» Task
In the entries below, find the string "Verwendung" and return each line holding it.

» Exercise materials
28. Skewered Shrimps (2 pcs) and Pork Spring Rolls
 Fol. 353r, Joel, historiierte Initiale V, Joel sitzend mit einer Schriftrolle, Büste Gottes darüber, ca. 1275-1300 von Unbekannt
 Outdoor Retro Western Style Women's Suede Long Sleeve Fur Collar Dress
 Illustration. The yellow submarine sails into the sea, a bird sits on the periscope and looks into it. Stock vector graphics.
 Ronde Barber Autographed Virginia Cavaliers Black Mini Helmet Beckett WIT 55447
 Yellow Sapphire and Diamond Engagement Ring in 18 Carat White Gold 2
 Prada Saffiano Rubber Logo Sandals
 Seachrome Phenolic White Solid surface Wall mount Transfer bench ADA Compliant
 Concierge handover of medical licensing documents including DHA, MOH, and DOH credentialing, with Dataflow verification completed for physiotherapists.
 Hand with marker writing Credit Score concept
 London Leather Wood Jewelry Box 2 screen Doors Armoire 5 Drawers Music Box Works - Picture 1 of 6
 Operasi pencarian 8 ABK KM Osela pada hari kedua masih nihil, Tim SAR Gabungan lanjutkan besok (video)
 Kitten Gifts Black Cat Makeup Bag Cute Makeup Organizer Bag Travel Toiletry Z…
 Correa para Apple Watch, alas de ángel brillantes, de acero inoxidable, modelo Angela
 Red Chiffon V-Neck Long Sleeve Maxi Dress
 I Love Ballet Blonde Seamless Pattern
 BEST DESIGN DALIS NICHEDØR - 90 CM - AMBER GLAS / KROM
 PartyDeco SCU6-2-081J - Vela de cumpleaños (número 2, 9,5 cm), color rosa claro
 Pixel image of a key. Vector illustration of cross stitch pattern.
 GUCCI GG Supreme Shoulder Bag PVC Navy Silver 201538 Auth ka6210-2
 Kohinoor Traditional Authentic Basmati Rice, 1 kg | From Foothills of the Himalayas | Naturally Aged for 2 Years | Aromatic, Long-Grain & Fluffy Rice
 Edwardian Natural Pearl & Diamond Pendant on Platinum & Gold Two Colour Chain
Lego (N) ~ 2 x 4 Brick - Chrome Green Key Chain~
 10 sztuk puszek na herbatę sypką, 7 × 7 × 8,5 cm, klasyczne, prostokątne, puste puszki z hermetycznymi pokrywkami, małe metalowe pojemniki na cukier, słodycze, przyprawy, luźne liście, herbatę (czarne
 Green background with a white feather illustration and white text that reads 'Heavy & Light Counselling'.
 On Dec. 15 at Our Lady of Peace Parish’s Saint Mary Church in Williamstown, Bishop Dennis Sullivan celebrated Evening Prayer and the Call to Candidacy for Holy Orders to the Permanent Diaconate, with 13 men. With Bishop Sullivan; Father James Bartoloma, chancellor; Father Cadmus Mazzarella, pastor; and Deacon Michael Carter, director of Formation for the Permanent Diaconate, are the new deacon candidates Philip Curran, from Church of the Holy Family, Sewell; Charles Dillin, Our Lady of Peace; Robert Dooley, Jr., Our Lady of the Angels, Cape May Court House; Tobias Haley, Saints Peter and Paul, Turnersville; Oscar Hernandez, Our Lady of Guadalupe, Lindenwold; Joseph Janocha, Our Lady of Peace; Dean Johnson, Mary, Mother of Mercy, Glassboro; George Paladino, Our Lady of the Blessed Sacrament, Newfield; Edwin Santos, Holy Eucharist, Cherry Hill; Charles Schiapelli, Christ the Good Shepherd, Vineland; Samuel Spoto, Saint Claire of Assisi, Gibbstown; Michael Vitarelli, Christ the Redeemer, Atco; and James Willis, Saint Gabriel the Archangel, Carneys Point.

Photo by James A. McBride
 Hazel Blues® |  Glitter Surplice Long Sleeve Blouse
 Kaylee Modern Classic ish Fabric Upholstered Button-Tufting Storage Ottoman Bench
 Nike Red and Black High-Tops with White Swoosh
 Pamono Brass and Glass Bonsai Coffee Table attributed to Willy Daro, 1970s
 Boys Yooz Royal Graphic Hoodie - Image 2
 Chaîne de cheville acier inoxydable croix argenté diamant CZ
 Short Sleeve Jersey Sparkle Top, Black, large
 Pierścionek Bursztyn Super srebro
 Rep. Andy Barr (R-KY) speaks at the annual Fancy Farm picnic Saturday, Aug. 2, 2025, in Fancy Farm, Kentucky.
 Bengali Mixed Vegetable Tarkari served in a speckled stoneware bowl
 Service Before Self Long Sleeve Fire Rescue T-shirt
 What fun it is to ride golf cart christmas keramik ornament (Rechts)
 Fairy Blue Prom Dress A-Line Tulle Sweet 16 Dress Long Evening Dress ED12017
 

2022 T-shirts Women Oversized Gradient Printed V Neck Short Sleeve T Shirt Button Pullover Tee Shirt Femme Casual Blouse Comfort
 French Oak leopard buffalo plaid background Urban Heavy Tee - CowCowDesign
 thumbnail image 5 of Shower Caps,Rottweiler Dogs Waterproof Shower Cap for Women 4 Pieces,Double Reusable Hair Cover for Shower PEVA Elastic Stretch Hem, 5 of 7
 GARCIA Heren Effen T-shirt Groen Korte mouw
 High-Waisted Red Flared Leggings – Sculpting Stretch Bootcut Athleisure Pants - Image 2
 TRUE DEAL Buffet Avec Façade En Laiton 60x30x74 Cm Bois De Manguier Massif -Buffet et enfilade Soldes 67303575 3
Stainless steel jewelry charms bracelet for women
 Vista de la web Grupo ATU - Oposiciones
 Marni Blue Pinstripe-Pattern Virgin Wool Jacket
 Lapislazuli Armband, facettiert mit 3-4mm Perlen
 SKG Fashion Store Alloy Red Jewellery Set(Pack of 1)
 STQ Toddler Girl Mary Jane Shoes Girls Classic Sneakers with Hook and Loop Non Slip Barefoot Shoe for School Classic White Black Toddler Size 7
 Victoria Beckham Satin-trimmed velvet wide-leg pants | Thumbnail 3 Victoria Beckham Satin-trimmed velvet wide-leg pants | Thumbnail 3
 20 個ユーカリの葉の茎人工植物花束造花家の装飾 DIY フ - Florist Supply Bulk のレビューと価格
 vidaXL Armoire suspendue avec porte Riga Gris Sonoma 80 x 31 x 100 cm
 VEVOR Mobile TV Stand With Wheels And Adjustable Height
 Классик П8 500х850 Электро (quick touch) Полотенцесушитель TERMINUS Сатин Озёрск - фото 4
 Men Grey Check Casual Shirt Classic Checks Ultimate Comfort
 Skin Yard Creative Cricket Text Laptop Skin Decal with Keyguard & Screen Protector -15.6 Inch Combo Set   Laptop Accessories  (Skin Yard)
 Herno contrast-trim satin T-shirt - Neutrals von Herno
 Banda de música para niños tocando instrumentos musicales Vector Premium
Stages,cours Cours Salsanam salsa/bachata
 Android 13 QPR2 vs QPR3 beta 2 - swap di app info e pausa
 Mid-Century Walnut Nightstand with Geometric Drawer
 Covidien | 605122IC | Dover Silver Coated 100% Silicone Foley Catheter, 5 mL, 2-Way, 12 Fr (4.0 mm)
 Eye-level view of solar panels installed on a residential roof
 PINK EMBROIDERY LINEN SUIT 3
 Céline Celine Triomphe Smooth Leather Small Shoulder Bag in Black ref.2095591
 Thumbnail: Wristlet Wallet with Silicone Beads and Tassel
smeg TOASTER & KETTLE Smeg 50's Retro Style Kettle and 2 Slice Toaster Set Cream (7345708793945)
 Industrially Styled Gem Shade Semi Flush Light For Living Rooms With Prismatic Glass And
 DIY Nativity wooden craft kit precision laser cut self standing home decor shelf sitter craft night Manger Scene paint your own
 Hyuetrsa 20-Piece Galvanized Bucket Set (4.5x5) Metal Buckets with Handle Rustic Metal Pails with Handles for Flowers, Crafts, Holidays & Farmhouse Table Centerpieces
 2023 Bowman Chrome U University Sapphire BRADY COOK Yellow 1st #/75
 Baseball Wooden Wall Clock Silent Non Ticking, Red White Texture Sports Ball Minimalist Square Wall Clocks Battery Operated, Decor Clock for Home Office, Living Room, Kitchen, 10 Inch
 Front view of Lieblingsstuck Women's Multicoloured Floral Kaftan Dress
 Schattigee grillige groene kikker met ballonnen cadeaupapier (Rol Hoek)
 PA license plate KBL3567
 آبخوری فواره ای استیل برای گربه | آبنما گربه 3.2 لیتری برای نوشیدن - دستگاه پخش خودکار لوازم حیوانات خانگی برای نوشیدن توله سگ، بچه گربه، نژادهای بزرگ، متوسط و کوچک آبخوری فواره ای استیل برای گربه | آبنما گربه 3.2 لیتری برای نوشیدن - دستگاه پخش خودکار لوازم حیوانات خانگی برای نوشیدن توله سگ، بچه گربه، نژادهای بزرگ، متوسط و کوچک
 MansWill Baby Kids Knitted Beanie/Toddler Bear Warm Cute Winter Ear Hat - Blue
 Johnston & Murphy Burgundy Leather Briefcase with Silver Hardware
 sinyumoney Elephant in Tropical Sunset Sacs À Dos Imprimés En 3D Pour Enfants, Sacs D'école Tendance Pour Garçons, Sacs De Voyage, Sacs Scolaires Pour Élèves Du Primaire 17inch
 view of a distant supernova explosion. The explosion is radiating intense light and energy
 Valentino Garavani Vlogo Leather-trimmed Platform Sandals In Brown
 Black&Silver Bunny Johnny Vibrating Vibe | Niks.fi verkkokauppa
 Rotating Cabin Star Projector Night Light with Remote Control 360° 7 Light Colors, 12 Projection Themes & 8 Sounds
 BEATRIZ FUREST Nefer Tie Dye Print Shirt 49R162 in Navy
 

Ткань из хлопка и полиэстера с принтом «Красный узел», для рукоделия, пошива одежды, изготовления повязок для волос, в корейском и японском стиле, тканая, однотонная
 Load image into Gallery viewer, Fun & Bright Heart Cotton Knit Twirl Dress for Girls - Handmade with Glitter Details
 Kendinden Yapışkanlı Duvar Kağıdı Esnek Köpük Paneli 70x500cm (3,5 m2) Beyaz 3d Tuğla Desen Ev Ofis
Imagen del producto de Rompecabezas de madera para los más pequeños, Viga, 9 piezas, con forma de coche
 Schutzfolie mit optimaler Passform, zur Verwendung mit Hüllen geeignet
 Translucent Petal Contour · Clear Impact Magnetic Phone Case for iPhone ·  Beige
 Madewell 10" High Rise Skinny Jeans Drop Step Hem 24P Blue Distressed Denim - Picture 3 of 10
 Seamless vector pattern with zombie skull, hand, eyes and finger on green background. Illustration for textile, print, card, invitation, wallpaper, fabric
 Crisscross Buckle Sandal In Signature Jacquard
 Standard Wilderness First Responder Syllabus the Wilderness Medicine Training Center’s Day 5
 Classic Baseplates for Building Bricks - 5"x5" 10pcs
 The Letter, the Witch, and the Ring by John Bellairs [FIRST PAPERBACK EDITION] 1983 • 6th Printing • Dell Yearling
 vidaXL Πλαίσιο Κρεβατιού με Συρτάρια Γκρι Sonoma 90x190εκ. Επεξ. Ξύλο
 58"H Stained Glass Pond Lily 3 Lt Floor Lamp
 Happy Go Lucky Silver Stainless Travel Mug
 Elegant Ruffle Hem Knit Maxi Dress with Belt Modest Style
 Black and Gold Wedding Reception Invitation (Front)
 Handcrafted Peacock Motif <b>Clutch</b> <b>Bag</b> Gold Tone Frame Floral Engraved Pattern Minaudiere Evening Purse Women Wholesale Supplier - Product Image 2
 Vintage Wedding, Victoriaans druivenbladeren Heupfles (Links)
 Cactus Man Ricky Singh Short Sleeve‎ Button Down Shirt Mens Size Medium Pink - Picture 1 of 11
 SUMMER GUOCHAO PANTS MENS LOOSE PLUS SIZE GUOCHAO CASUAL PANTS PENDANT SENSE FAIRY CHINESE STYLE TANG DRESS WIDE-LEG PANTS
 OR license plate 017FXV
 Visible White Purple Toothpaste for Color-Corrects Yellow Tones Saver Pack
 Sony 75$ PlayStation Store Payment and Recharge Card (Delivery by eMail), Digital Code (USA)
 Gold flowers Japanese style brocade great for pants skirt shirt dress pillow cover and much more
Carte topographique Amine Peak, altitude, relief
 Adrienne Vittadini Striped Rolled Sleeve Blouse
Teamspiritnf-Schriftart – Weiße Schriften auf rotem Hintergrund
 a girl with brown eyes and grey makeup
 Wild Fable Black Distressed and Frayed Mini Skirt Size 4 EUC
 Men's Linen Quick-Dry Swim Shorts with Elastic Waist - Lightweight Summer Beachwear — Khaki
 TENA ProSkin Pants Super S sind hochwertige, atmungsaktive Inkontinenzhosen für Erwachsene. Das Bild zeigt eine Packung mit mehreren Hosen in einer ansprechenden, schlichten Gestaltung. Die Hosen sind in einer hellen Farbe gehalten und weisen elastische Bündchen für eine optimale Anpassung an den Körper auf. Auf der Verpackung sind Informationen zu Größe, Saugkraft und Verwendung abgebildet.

» Response box
 Schutzfolie mit optimaler Passform, zur Verwendung mit Hüllen geeignet
 TENA ProSkin Pants Super S sind hochwertige, atmungsaktive Inkontinenzhosen für Erwachsene. Das Bild zeigt eine Packung mit mehreren Hosen in einer ansprechenden, schlichten Gestaltung. Die Hosen sind in einer hellen Farbe gehalten und weisen elastische Bündchen für eine optimale Anpassung an den Körper auf. Auf der Verpackung sind Informationen zu Größe, Saugkraft und Verwendung abgebildet.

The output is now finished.